- Task to carry out
Below this line is a listing that includes pictures. Copy exactly, and only, the lines from the one containing "Vake-Saburtalo Hillside Apartment" through the one containing "Ellebag’s Exquisite Replica: The"; the pictures do not go in the copy.

- Material supplied
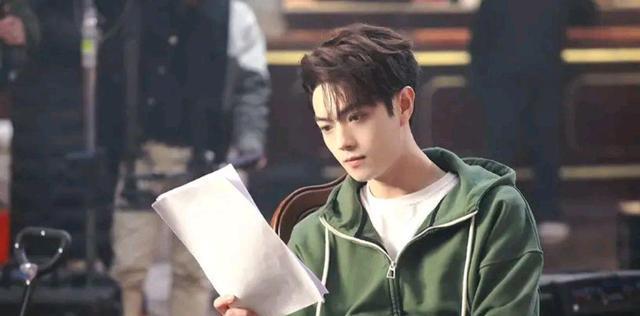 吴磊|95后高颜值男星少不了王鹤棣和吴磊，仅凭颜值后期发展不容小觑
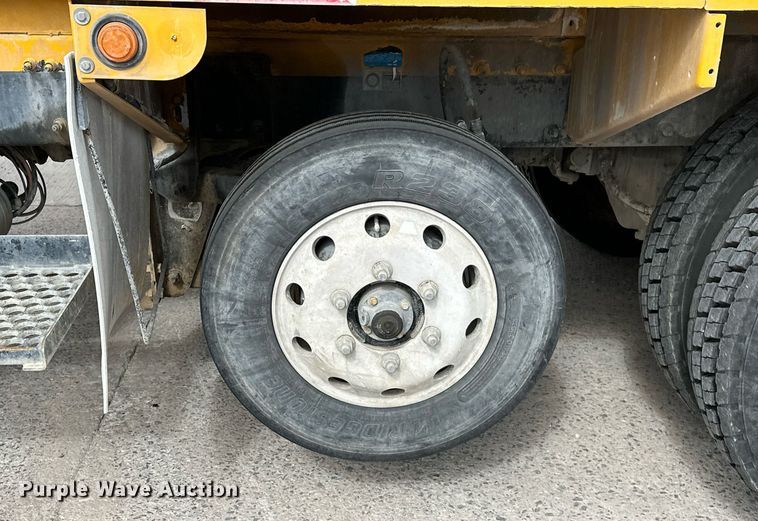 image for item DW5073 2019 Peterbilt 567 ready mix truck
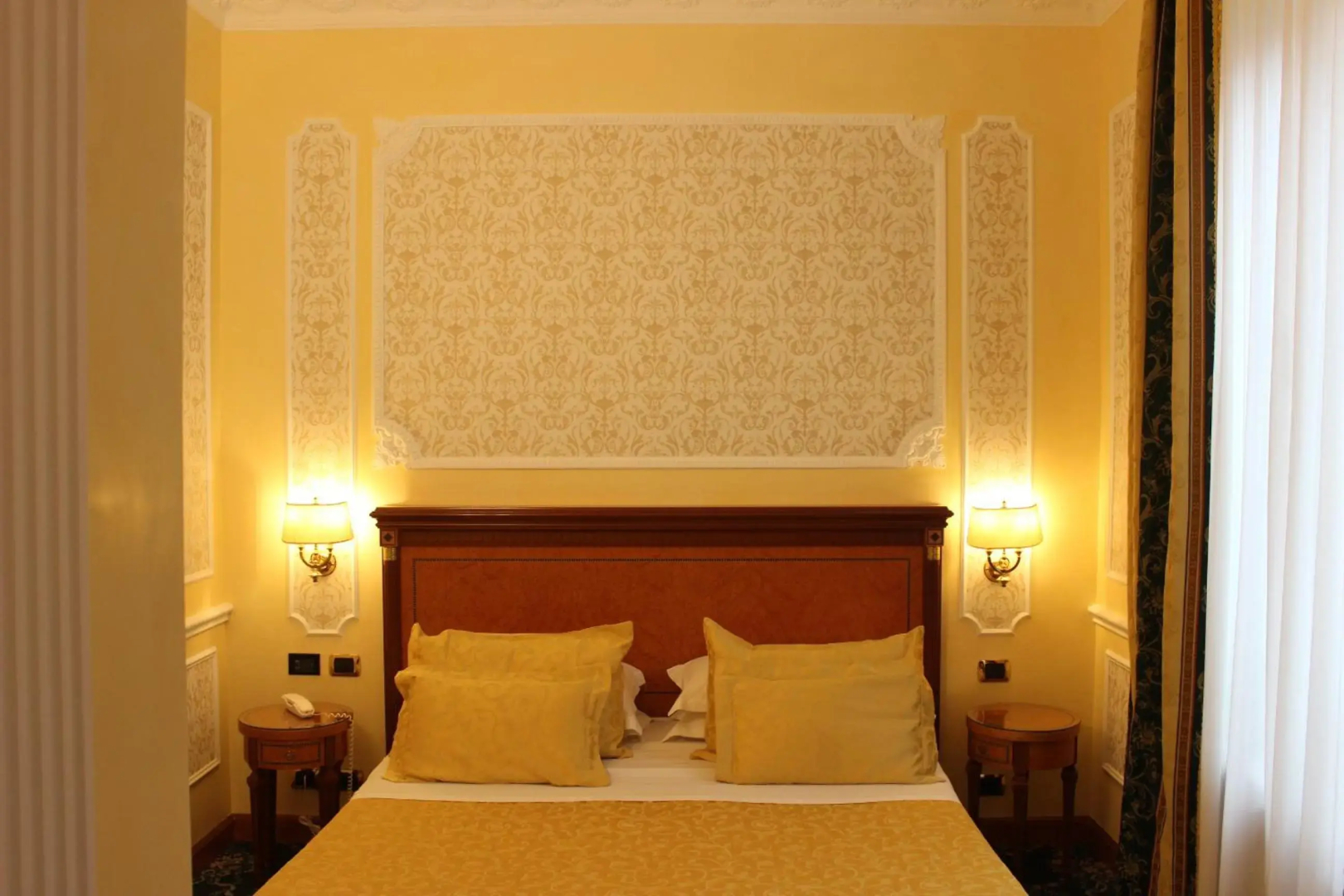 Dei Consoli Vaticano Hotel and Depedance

--

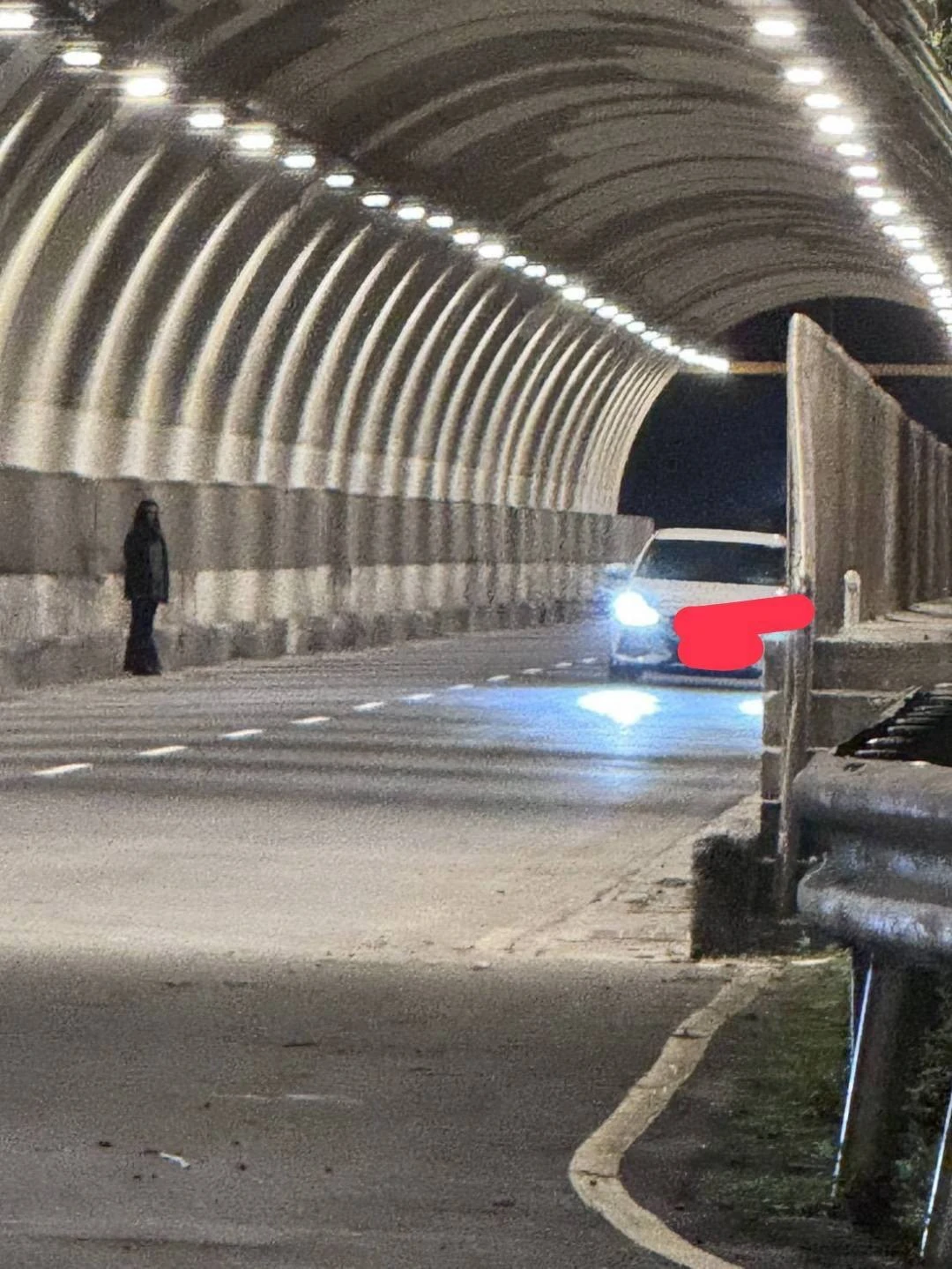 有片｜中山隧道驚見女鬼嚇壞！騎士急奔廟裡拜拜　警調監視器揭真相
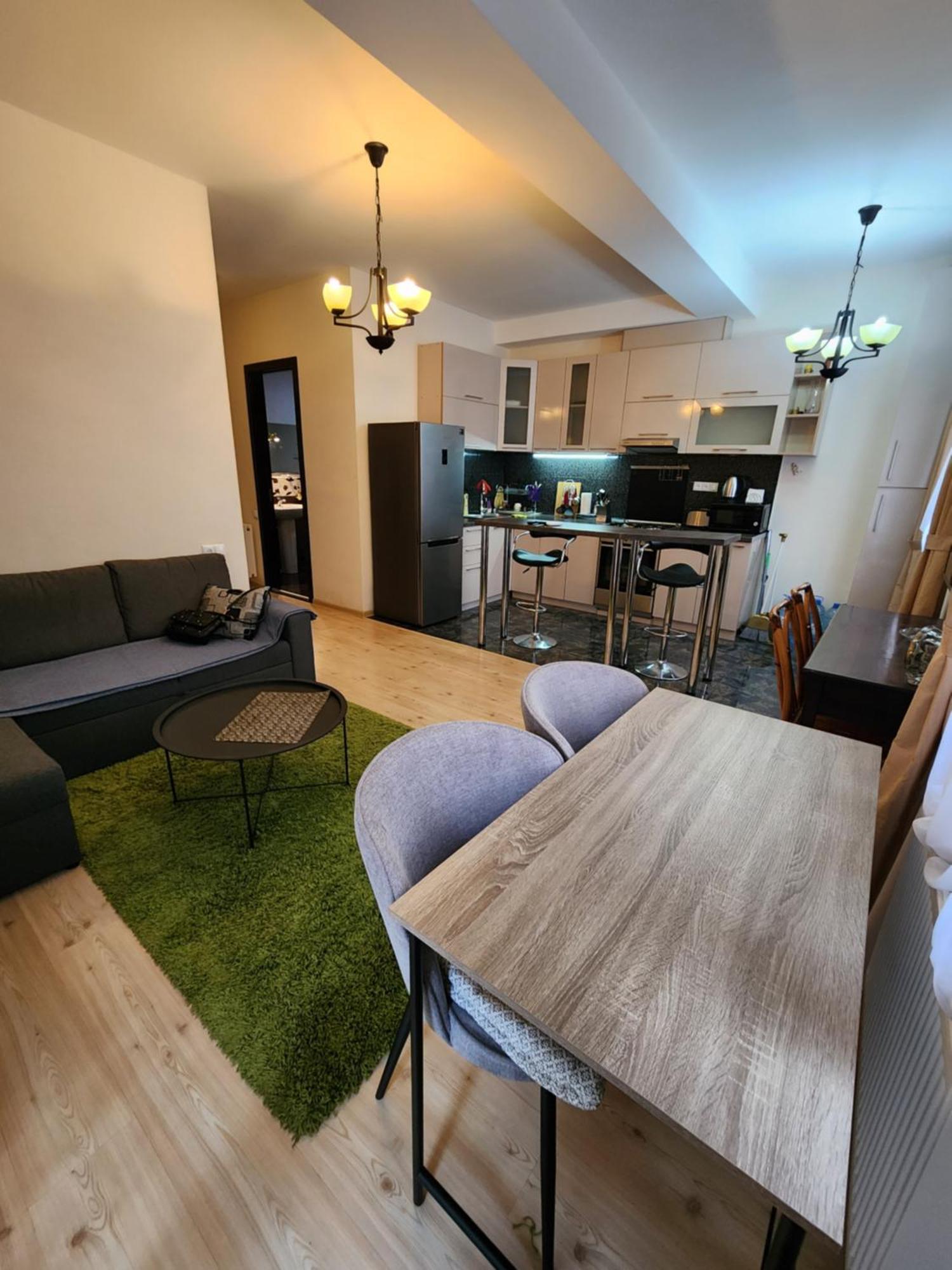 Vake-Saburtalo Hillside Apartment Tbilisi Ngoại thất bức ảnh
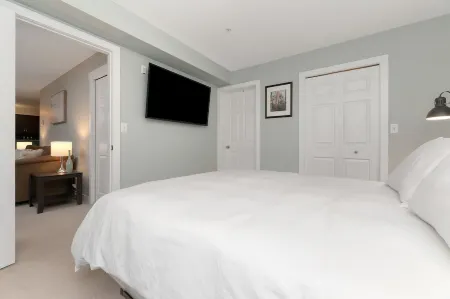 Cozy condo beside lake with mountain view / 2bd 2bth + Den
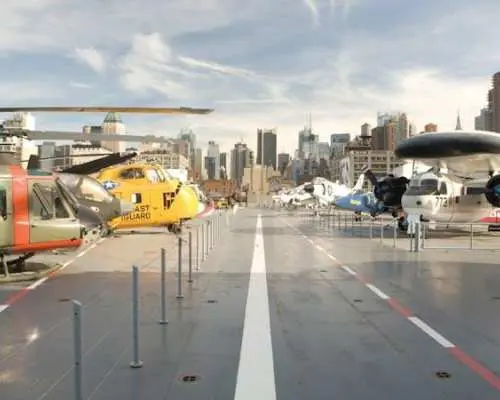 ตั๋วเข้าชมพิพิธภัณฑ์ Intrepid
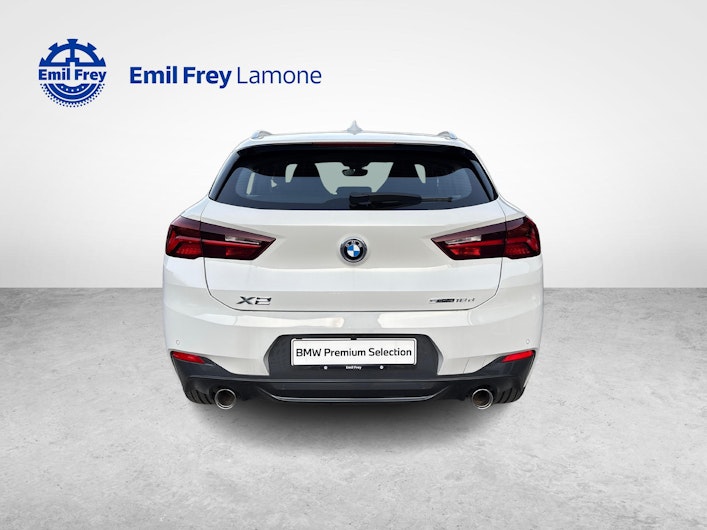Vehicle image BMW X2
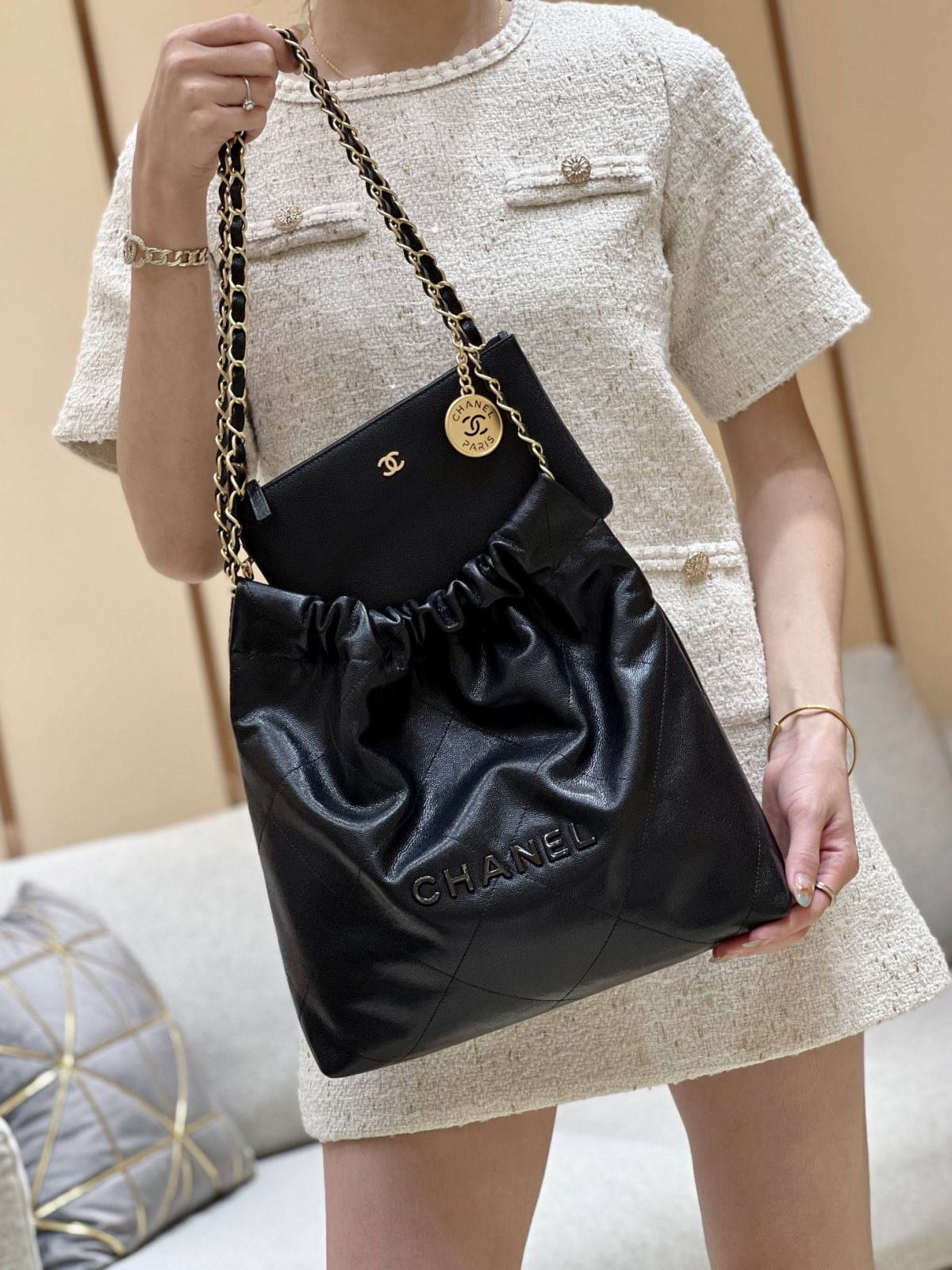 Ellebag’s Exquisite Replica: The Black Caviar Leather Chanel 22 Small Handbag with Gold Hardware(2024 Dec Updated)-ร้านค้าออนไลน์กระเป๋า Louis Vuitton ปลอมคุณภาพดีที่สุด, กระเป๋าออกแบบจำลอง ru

---

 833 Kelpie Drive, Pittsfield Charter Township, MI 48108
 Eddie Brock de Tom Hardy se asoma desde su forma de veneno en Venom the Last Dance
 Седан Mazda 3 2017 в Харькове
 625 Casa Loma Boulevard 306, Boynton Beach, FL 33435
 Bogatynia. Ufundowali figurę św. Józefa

- Output below
 Vake-Saburtalo Hillside Apartment Tbilisi Ngoại thất bức ảnh
 Cozy condo beside lake with mountain view / 2bd 2bth + Den
 ตั๋วเข้าชมพิพิธภัณฑ์ Intrepid
Vehicle image BMW X2
 Ellebag’s Exquisite Replica: The Black Caviar Leather Chanel 22 Small Handbag with Gold Hardware(2024 Dec Updated)-ร้านค้าออนไลน์กระเป๋า Louis Vuitton ปลอมคุณภาพดีที่สุด, กระเป๋าออกแบบจำลอง ru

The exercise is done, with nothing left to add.